L’Ariosto copiò pressoché pedissequamente due versi citati dal Petrarca nel Sonetto IV del Canzoniere, laddove parlando del Cristo che venne in terra a rivelare la verità di Mosè e degli altri Profeti che fino ad allora avevano nascosto il vero intorno alla venuta del Messia, scrive:

 

Vegnendo in terra à illuminar le charte,

Chavean moltanni gia celato il vero.

 

Di seguito il sonetto completo:

 

SONETTO IV

 

[Innamorato di Laura, trae argomento per lodarla

dal luogo stesso dov’ella nacque]

 

    Quel, chinfinita providentia, et arte,
Mostro nel suo mirabil magistero,
Che creo questo, et quell'altro hemispero,
Et mansueto piu Giove, che Marte,
    Vegnendo in terra à illuminar le charte,
Chavean moltanni gia celato il vero,
Tolse Giovanni da la rete et Piero,
Et nel regno del ciel fece lor parte,
    Di se nascendo à Roma non fe gratia,
A Giudea si, tanto sovro ogni stato
Humiltate exaltar sempre gli piacque,
    Et hor di picciol borgo un sol n'hà dato,
Tal, che natura el luogo si ringratia,
Onde si bella Donna al mondo nacque 11.

 

“Colui [Dio] che mostrò una provvidenza e un’arte infinita nella sua mirabile opera di creazione, che creò questo e quell’altro emisfero, e che reso Giove mansueto più di Marte, venendo sulla terra [tramite Cristo] per far comprendere le carte che per molti anni avevano nascosto la verità, tolse Giovanni e Piero dalla rete [non li rese più pescatori] e li fece diventare parte del regno dei cieli. [Cristo] nascendo non ha fatto grazia di sé a Roma, alla Giudea si, tanto che sopra ogni condizione [a Dio] sempre piacque esaltare l’umiltà.
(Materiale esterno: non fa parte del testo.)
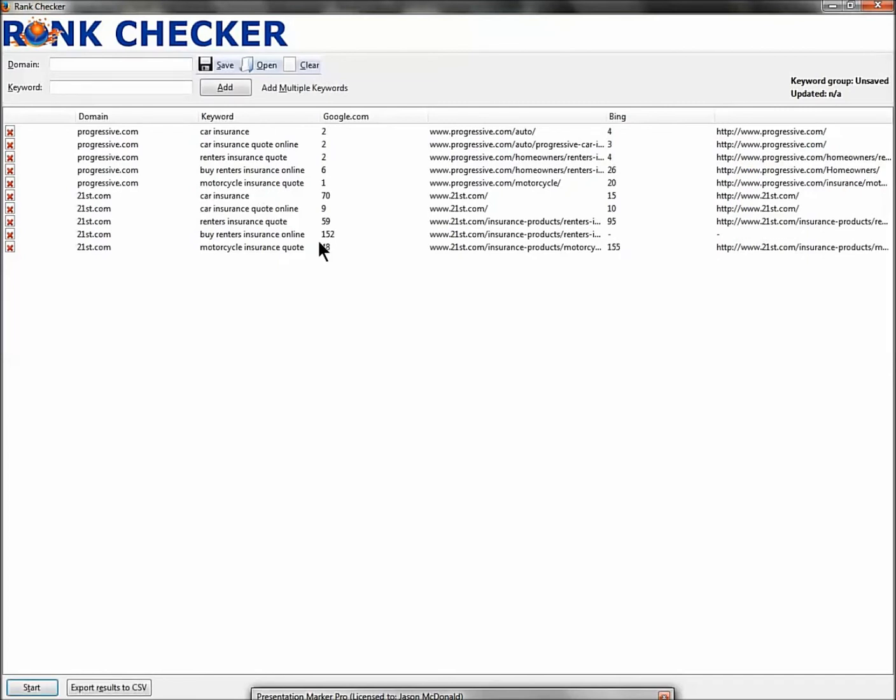Now, what does the tool tell us? This tells us for 'car insurance,' progressive is number two for 24. 21st.com is number 70 - that means they're seven pages deep, it's terrible. Car insurance quote online, they made it on number nine, they're number two.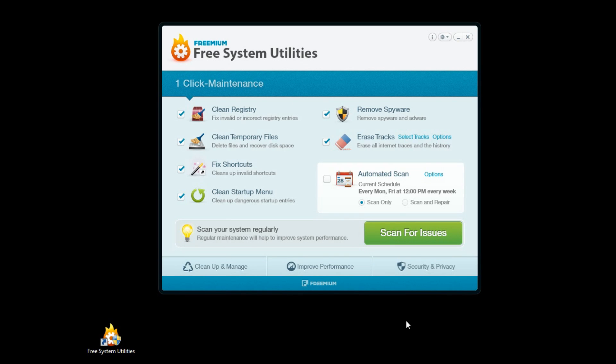Hi there. Today I'm going to show you the basic features and functions of Free System Utilities. To get started, I double-click the application icon. Once launched, the program will start and look like this.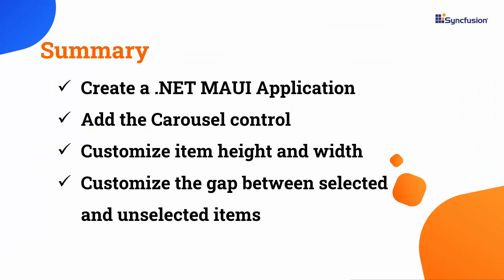In this video, you learned how to add a .NET MAUI carousel control to the .NET MAUI application. I demonstrated how to customize the item height and width, programmatically select an item, customize the animation speed, and customize the gap between selected and unselected items. Additionally, I showed you how to display carousel items in a linear arrangement and increase the space between items in the linear view mode.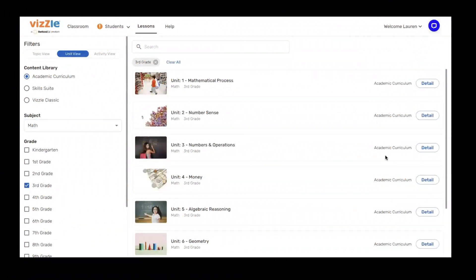Welcome to Vizzle. Today we're talking about progress reporting with confidence. Progress reporting is an essential part of the educational process, and today we're going to help you build confidence capturing student information to make sure that you're moving them forward on their student learning journey.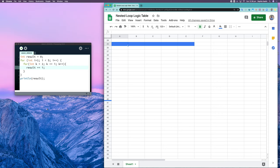We're going to look at tracing nested loops using a logic table. When we are creating a logic table, just as we would with a single loop, we want to create a column for each variable and each condition that we come across.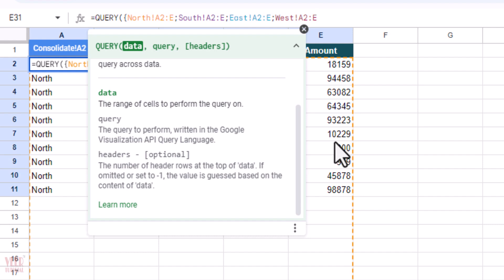Now I'm going to close my curly brackets, then comma. Now we have to enter the query. Give some space and make sure you use the same sentence as I'm going to enter over here. It must be in caps. So I'm going to use SELECT, but before that we have to enter double quotation mark.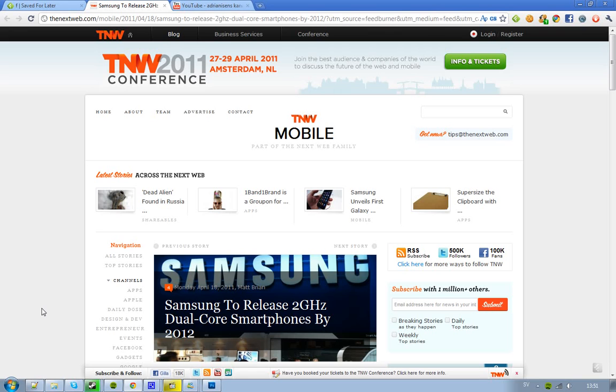There are many questions. Samsung has some pretty cool phones, like this new phone, Samsung Galaxy S2, that's going to launch with a dual-core processor, 1.2 GHz.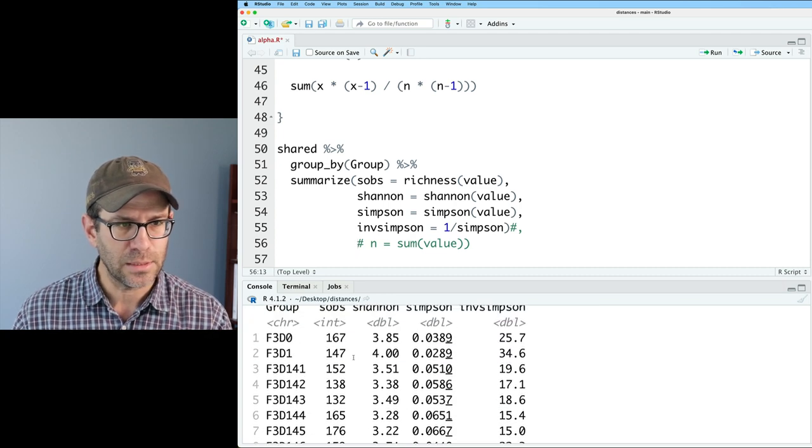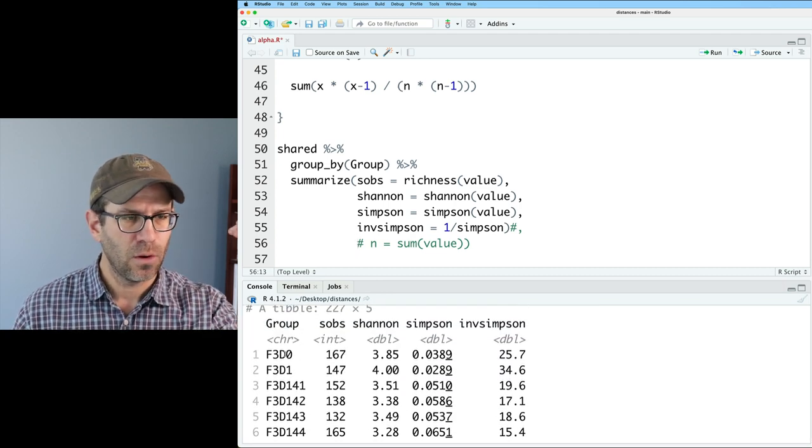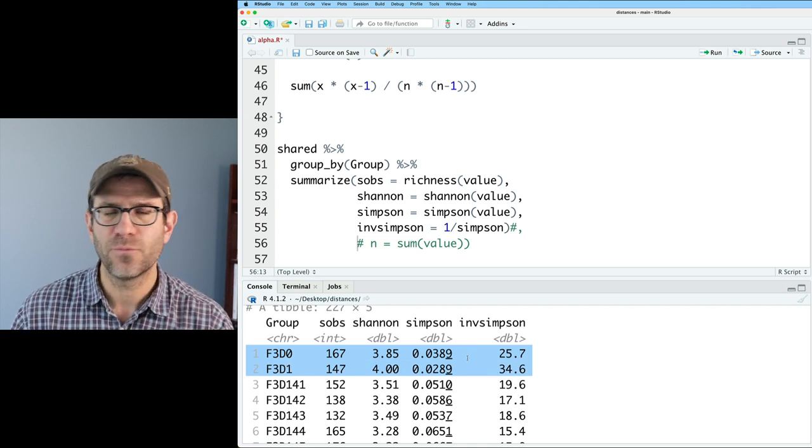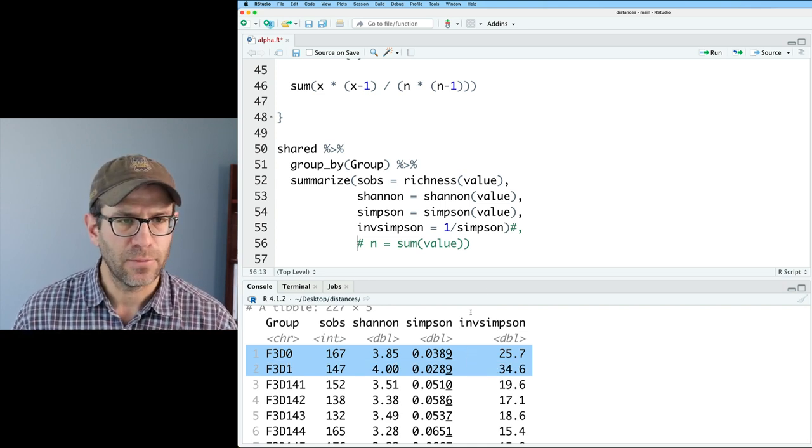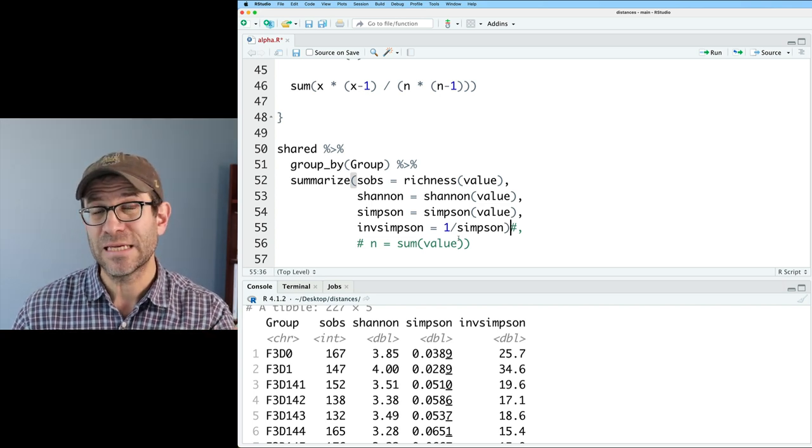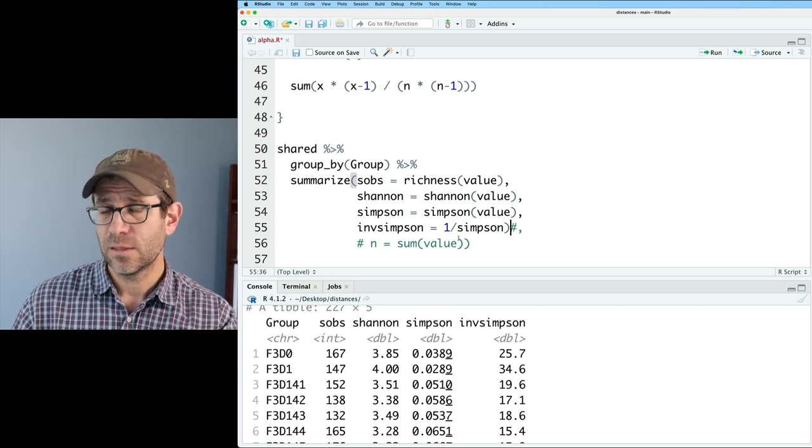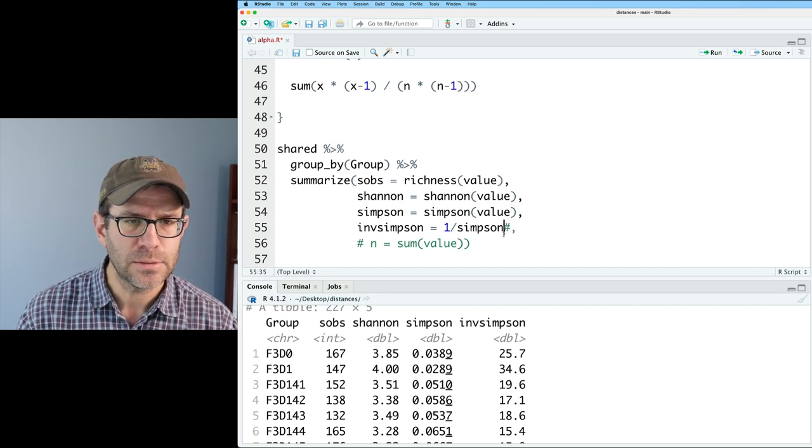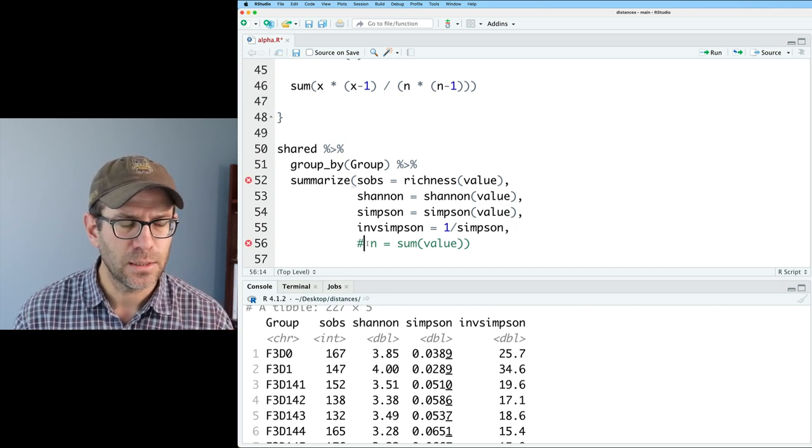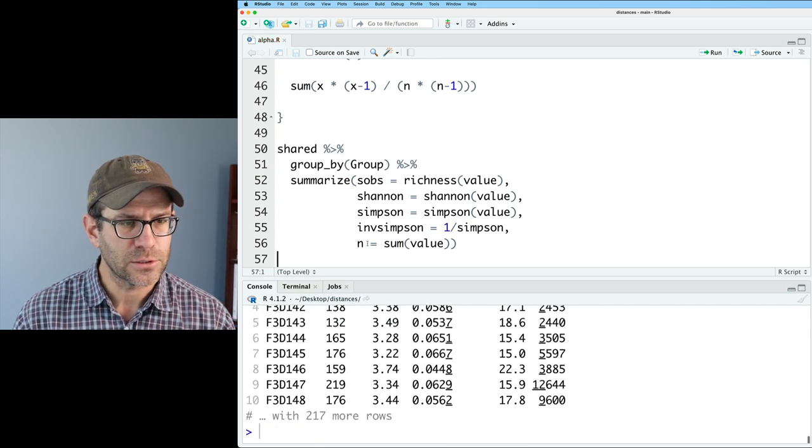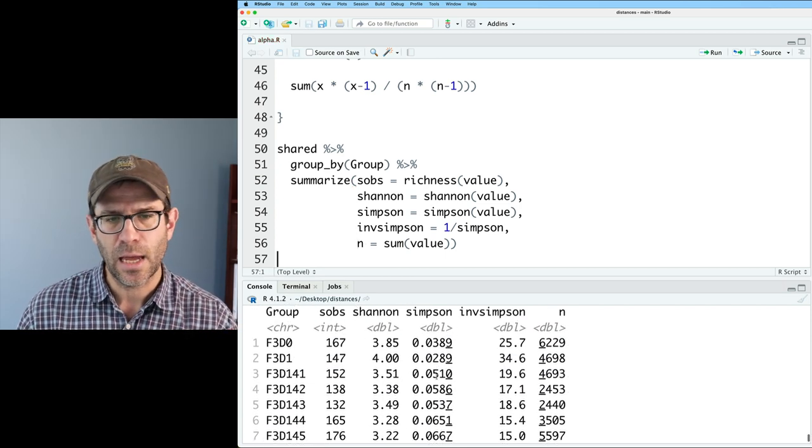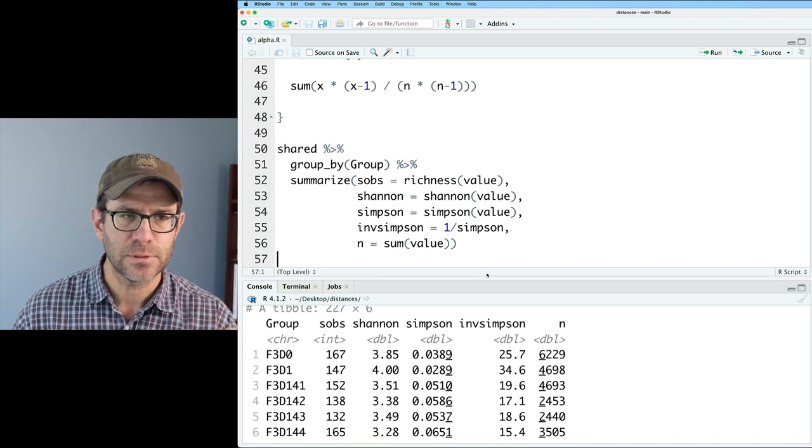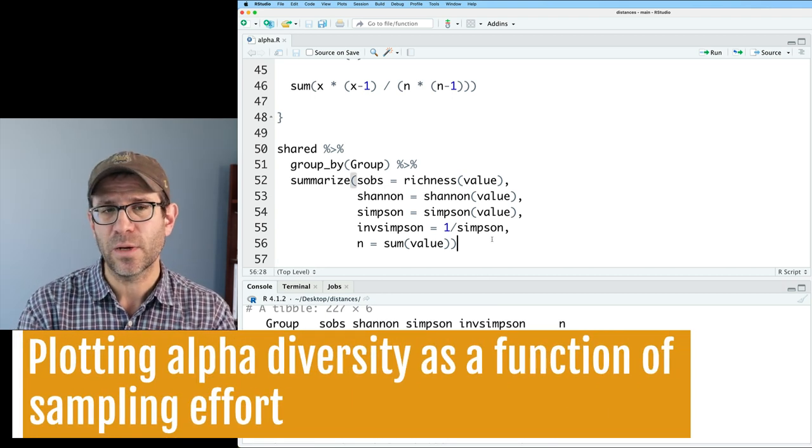And we see that we then have one row per group, we have the four different diversity metrics. And that looks good. I now want to bring in a column to indicate the total number of sequences, the number of individuals we sampled from each of our communities. So I'll go ahead and remove that parentheses and that pound sign and get that n in there. I think that looks good. And now we have the number of individuals in each of our samples.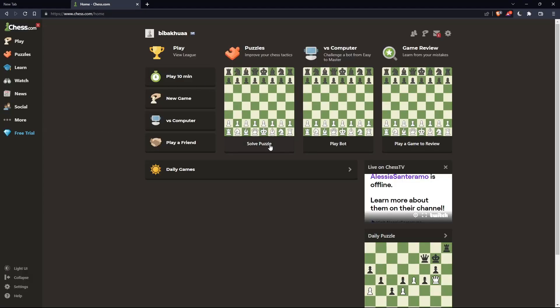So, once you're logged in into your account, or you just created your account, you'll find yourself here in this home screen or the main screen of the chess.com.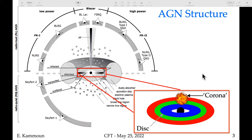We know from observational evidence that the corona is relatively close to the black hole, very variable, and compact. In units of gravitational radii, for a black hole of 10 to the 6 solar masses, one gravitational radius is around 1.5 times 10 to the 6 kilometers, so the corona sits at around 6 to 10 gravitational radii. The torus by comparison extends to the sub-parsec to parsec scale.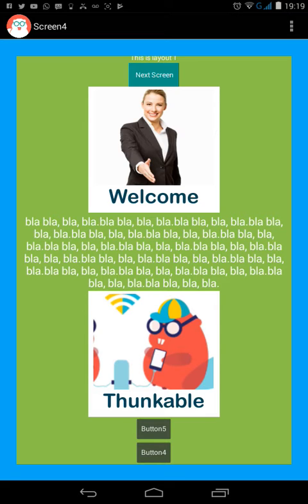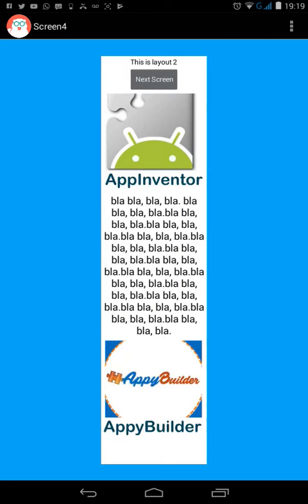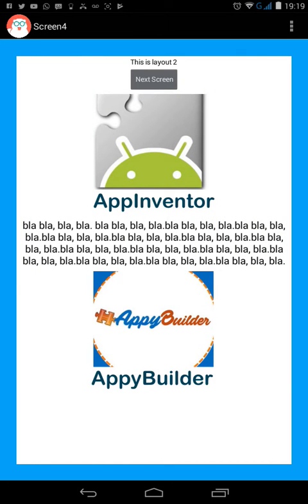The idea of this thing is just to use different layouts instead of screens. For example, here I have just one screen and three different layouts. When I click the button, I have this simple animation and now I am in layout 2. Instead of having another screen, I am using layouts.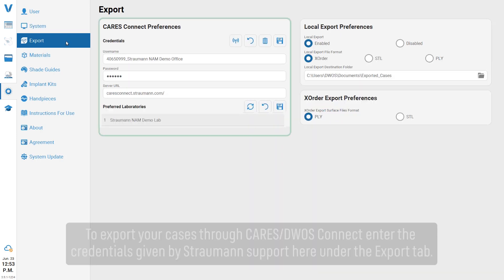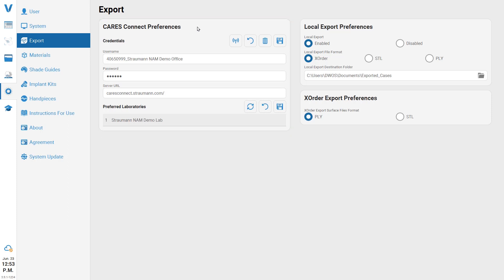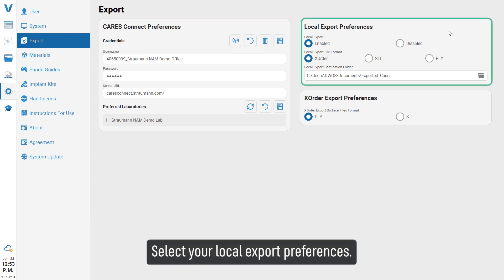To export your cases through CARES or DWOS Connect, enter the credentials given by Straumann support under the export tab. Select your local export preferences.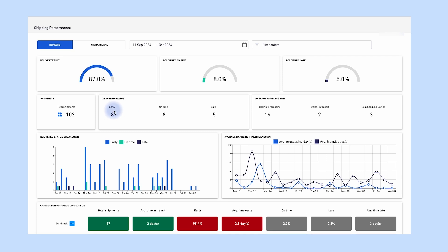The delivered status scorecard provides a split of the total shipments and how many were delivered across various shipping timeframes: early (delivered before the estimated delivery date), on time (delivered the same day as the estimated delivery date), or late (delivered after the estimated delivery date). This scorecard also shows the average time packages were processed in the warehouse, the average time they were in transit, and the total fulfillment time.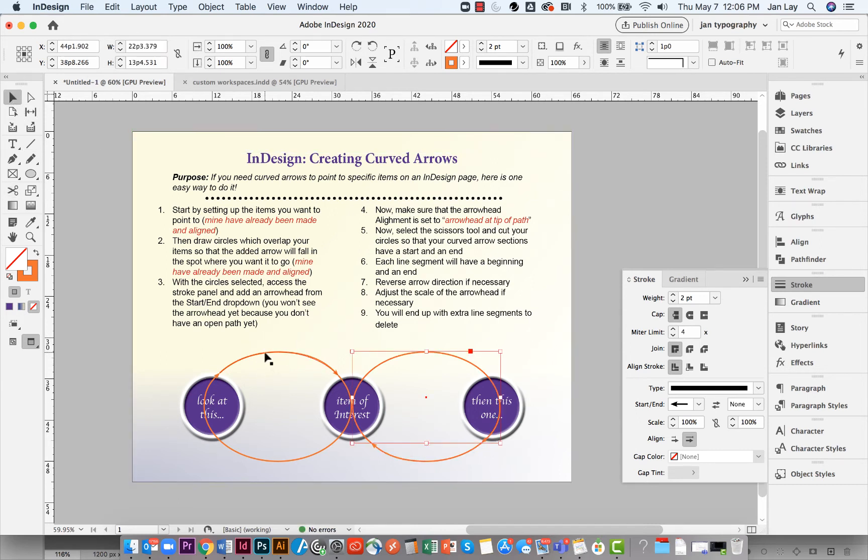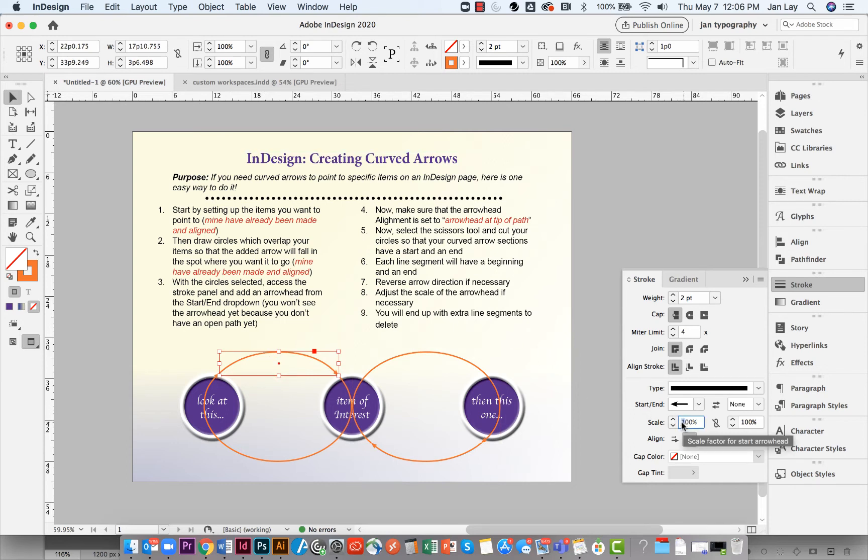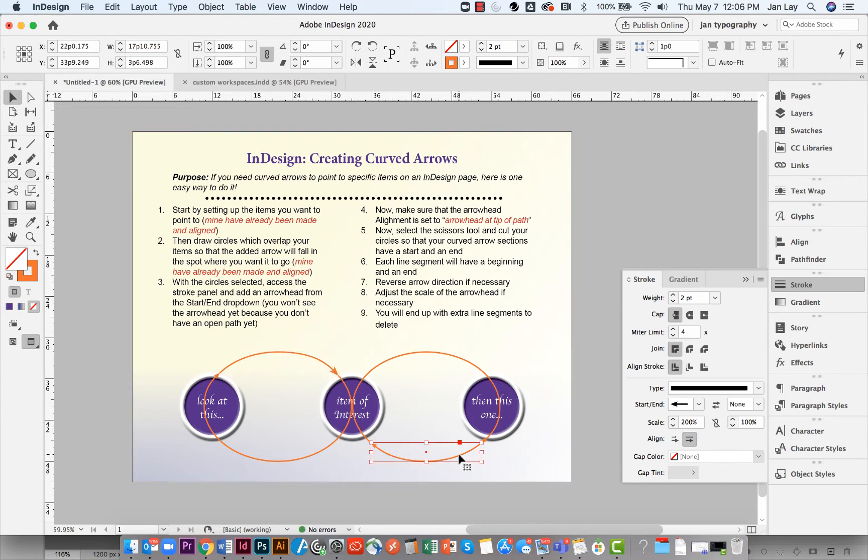Now select each arrow segment and go to the stroke panel and adjust the scale of the arrowhead if you need to. Also, reverse the direction of the arrow if you need to.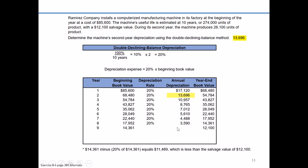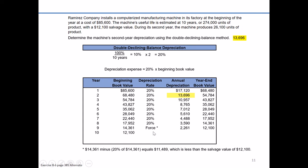So what I end up having to do is ask: what's the maximum amount I'm allowed in depreciation expense in year nine that takes the beginning-of-year book value and brings it exactly equal to the salvage value? I take $14,361 minus $12,100, which equals $2,261. The calculated amount would have been $11,489, but that would have brought book value below salvage value. We can't have book value lower than salvage value, so we force that plugged amount in. In year ten, we're already at a beginning book value equal to salvage value, so we can't record any depreciation, and our book value remains at $12,100.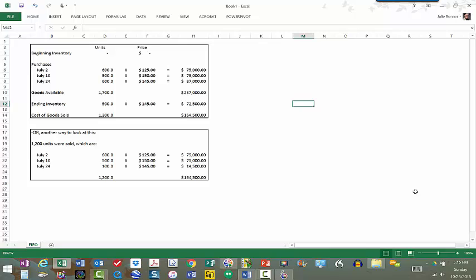At the end of the month when we take an inventory, we find that we have 500 units on hand. We count and we agree that there are 500 units on hand, and that 500 units times $145 is our ending inventory value of $72,500.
E ora da un piccolo borgo ci ha dato un sole tale che la natura e il luogo si ringrazia donde una così bella donna nacque”.

 

Il Petrarca usa il verbo illuminare, cioè portare in luce, far comprendere, e non interpretare che suggerisce altra azione. Dobbiamo evidenziare che le carte vanno qui intese come documenti (dato che si parla fra l’altro delle Sacre Scritture), e che il termine carte in questa accezione è utilizzato tutt’oggi nella nostra lingua dando vita a una serie di espressioni da decifrare in senso figurato come evidenziato all’inizio del saggio. Si tratta di una espressione, questa del Petrarca, che non può essere messa in relazione con i versi dell’Ariosto, perché l’anello non porta alla luce alcun documento, ma mette le carte in tavola, cioè grazie all'interpretazione rivela la verità.

 

L’Ariosto scrivendo interpretar le carte non intese ovviamente sottolineare un’azione cartomantica, ma essenzialmente divinatoria in quanto l’anello, per sua prerogativa magica, era in grado di far comprendere la verità. Inserendo questo specifico verbo e sapendo nel contempo di esprimere un concetto in senso figurato desunto dalle carte, con molta probabilità è possibile che l’Ariosto possa essersi ispirato all’azione interpretativa che i maghi adottavano nell’utilizzo delle carte stesse. Ciò confermerebbe la nostra tesi dell’esistenza di questa arte in Italia già in epoca quattrocentesca 12. Se si considera infatti che l’Ariosto iniziò la stesura dell’opera tra il 1504 e il 1507 e che l’edizione princeps apparve a stampa nel 1516, un’ipotetica data di esordio della cartomanzia dovrà essere individuata, sempre tenendo come riferimento quest’opera e la relativa pratica d’uso 13, non meno di una ventina di anni antecedenti la stesura della stessa.

 

Note

 

1. Per una più ampia disamina si veda Metafore tolte dal gioco delle carte e dei tarocchi  

2. Orlando Furioso di Messer Lodovico Ariosto con la Giunta, Novissimamente Stampato e Corretto..., Hassi la concessione del Senato Veneto per anni diece, Appresso Mapheo Pasini, MDXXXV. [1535], c. 26r.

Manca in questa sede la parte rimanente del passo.